There can be a host of reasons why you haven’t slept deeply – this could be alcohol-related, coffee related, or even down to the electronic devices we use before bed – as the blue light from our screen time depletes our melatonin which affects our sleep.
Additionally, if you experience stress in your life, you may be procrastinating which means you’re stuck in an avoidance mode rather than drive mode, which can also affect motivation.
Perhaps you have a huge roadblock ahead of you and the reason you can’t get through it is down to fear? Again, feeling fear towards something can affect motivation.
As such, low motivation can make people irritable and angry. It can make someone feel unworthy and often they tend to beat themselves up about it.

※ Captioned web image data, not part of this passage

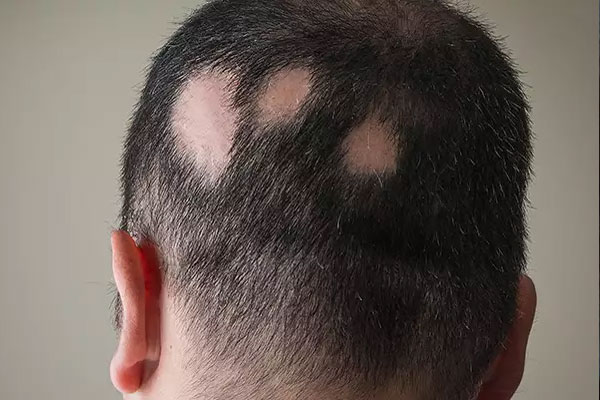 Alopecia Treatment in Jabalpur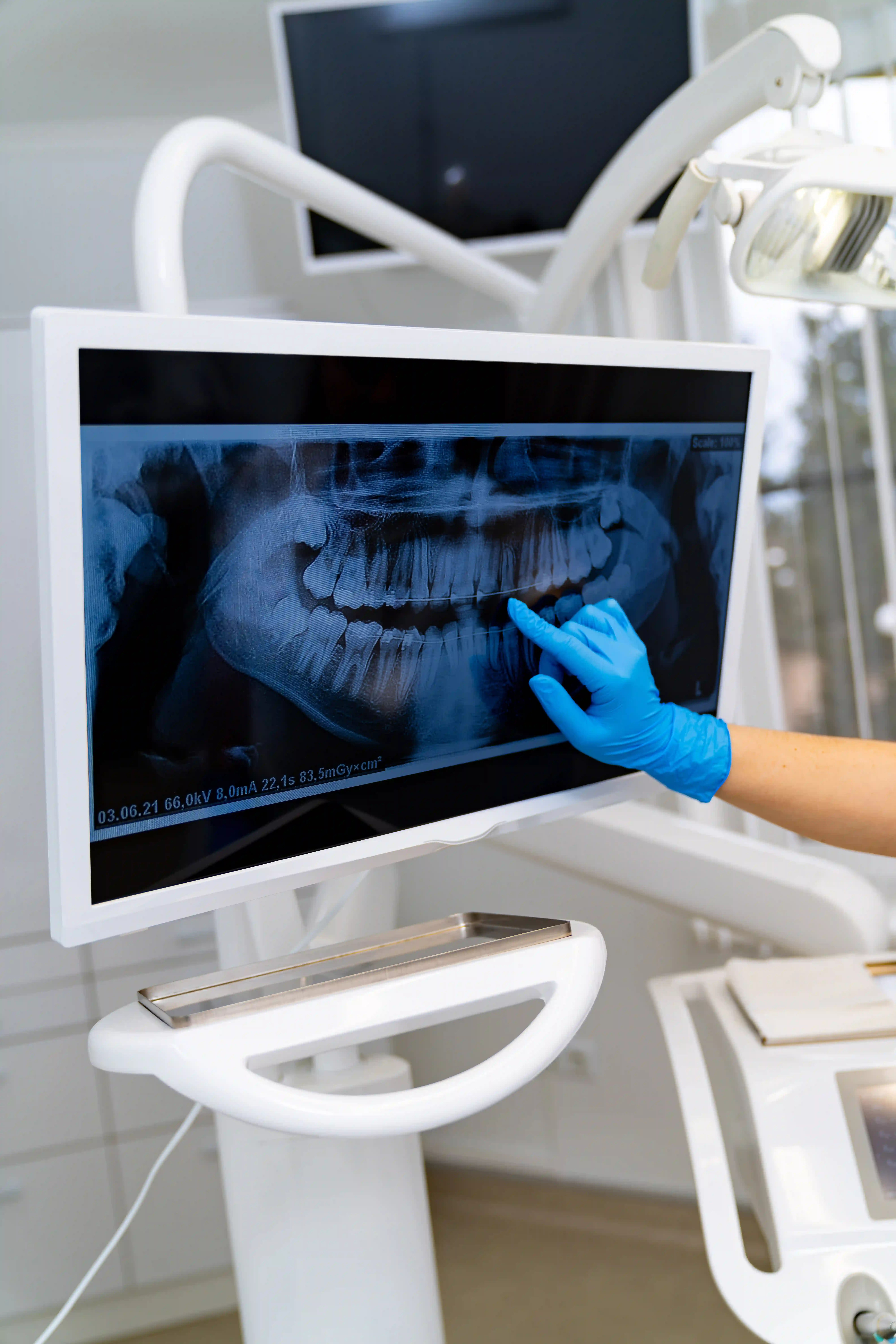 Általános kezelések, állapotfelmérés és vizsgálat az Avenue Dentalban
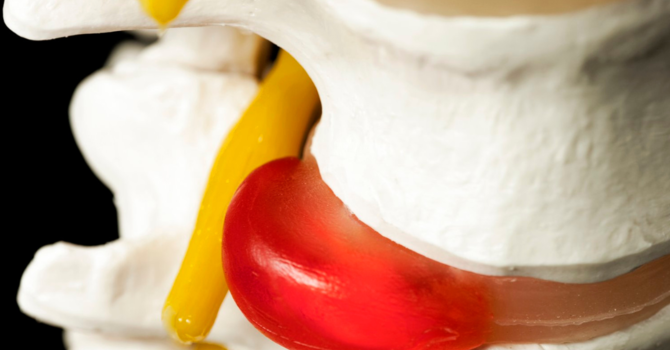 The All-Natural Solution to Foot Pain: Why Athletes Go to The Chiropractor First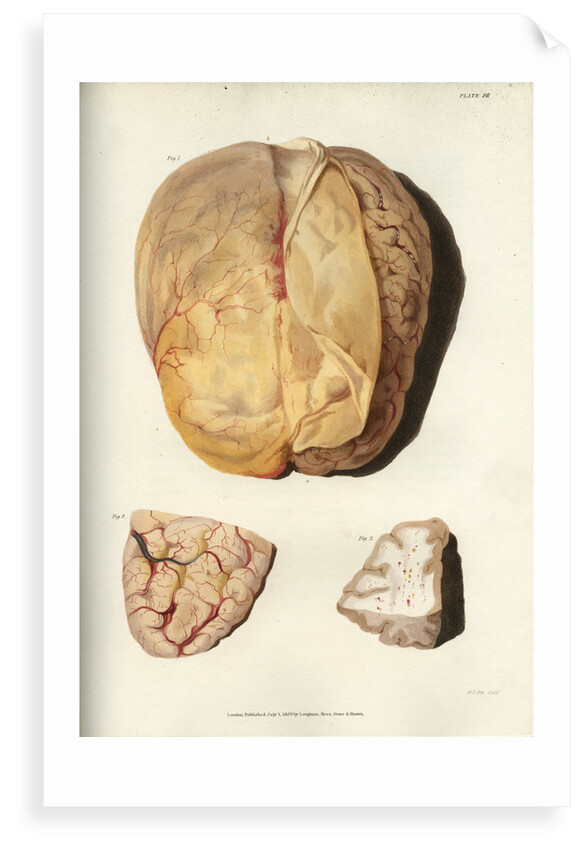 'Effects of jaundice on the brain and its membranes' by William Thomas Fry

Low motivation may also mean you’re in self-sabotage mode so you turn to habits that don’t serve you. These habits may be scrolling too much, turning to processed junk food, and or not moving the body, which in turn will make you feel lethargic and perhaps anxious – lowering your motivation.
So, if you’ve found yourself struggling to get into the right frame of mind and your motivation is at an all-time low, try incorporating some of these simple steps into your routine to help you get back on track to setting and reaching your goals.